Now first off I would like to say I am not after a pity party. This is my blog and I love it as it is a place for me to air my feelings. If you’re not feeling comfortable reading about feelings please do scroll on by.
I know some people are going through so much more than me and I do feel like I have no reason to feel this way, however:
I feel sad
I am tired
I have no way of making these feelings go away that I know of.
I am feeling like nothing I do actually makes a difference ……….. and in fairness I feel misunderstood by some.
A single fleeting word from another can leave me floundering on the floor like a harpooned whale. Since when did I become so sensitive? since when did I care? since when would that leave me feeling like the world is against me? (yes I am overdramatic)

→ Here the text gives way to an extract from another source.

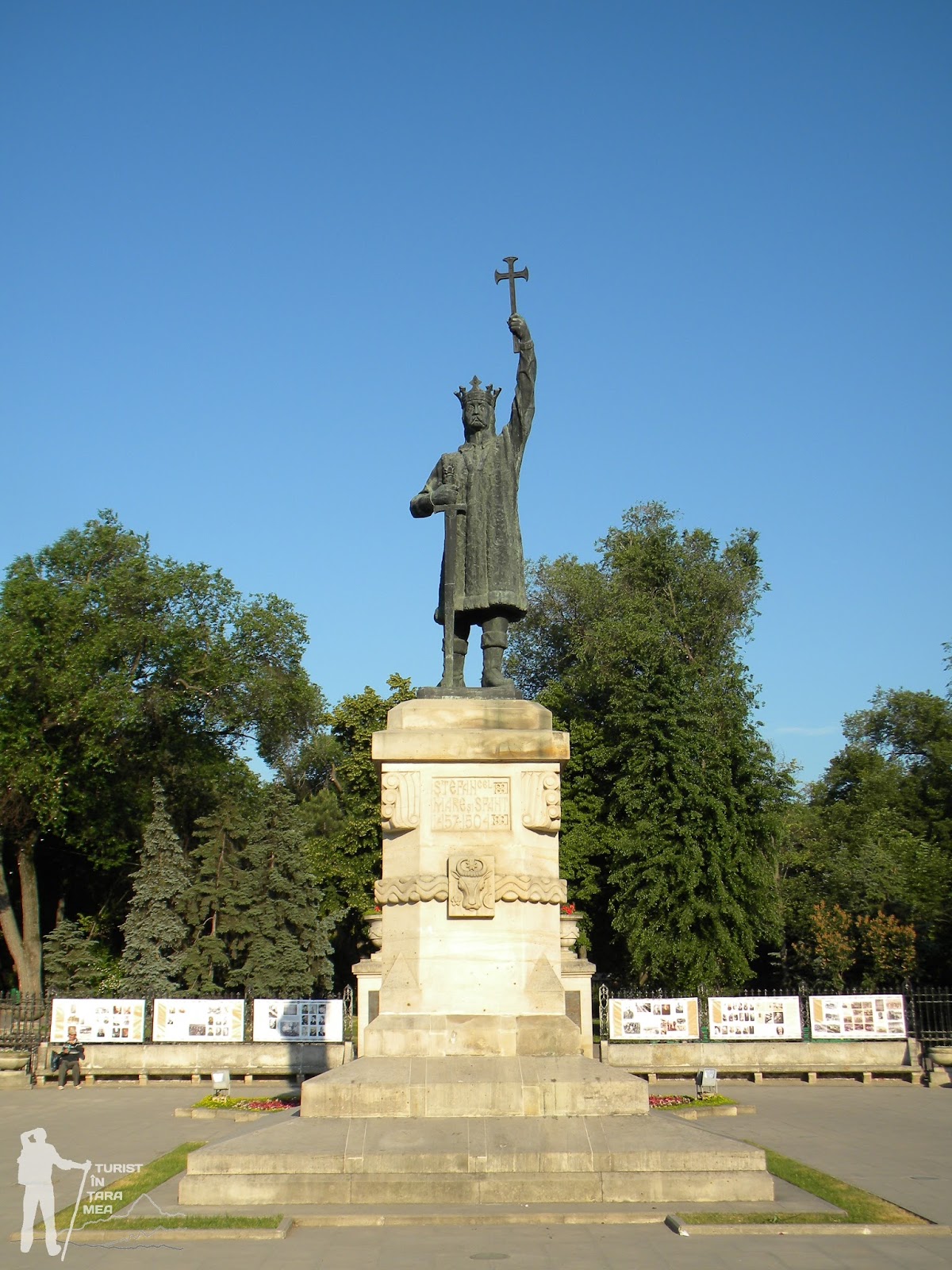 Statuia Lui Ştefan Cel Mare De La Chişinău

Over the last few months I have felt increasingly insecure in who I am, what I do, where I am and the type of parent I have become .. is this down to my agonisingly appalling hormones that a fog of sadness had rolled in?
I fear my need to please everyone has in fact pleased no one .. least of all myself and the tinges of depression that are waving at me from over in the corner of the room terrify me. I will not go there, I will not bow down to its whim …..
Could this recent bout of unsettledness in fact be down to a midlife crisis at ages 34 3/4? or could it actually just be that I need to shake myself at being so painfully dramatic and that in fact I need to get a grip?
All I know for sure .. right now is I am sad to my very core … and I just don’t want to be.